◆ **Task brief**:
Copy, from the data below, each line that has the word "Dress".

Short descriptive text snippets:
_ _ _ _ _
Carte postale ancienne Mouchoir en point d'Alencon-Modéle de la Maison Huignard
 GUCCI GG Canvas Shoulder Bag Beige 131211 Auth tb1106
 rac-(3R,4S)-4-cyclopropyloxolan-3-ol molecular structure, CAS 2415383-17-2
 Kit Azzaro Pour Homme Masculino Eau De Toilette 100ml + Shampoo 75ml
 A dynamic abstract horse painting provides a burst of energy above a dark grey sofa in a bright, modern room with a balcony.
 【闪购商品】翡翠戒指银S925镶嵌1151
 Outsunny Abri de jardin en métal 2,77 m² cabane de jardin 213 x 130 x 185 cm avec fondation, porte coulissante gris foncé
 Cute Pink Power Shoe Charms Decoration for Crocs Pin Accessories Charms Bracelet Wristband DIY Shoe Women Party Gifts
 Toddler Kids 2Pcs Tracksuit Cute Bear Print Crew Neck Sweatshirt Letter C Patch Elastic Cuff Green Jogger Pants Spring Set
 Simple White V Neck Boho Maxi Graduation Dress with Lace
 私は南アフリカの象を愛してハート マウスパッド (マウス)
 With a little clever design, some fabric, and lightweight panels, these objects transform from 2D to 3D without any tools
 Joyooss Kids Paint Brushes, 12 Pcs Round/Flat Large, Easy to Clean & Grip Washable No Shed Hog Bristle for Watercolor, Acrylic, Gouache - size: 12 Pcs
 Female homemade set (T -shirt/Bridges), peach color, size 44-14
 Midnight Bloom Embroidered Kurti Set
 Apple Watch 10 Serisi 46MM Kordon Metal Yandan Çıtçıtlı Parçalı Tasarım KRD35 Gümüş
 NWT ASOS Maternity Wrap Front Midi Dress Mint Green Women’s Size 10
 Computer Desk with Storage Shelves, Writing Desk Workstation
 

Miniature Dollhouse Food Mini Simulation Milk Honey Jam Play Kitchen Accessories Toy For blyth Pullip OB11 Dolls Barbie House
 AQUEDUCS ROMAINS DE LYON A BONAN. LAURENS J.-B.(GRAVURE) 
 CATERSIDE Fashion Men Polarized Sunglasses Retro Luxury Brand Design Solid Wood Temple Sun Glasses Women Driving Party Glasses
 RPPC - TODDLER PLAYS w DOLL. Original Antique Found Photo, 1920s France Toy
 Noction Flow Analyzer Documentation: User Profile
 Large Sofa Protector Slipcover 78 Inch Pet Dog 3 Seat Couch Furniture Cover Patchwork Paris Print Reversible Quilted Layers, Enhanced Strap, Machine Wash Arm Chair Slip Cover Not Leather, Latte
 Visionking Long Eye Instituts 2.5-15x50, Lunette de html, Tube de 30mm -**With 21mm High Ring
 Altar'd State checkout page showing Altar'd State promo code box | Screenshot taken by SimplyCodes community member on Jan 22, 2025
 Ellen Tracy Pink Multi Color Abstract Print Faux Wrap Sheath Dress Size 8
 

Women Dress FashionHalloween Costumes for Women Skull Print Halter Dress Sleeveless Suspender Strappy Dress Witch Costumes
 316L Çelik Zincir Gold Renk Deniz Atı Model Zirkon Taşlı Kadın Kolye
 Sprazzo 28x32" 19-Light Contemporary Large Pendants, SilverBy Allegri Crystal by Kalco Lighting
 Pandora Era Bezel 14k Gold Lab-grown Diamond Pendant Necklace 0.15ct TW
_ _ _ _ _
◆ **Result of this task**:
 Simple White V Neck Boho Maxi Graduation Dress with Lace
 NWT ASOS Maternity Wrap Front Midi Dress Mint Green Women’s Size 10
 Ellen Tracy Pink Multi Color Abstract Print Faux Wrap Sheath Dress Size 8
Women Dress FashionHalloween Costumes for Women Skull Print Halter Dress Sleeveless Suspender Strappy Dress Witch Costumes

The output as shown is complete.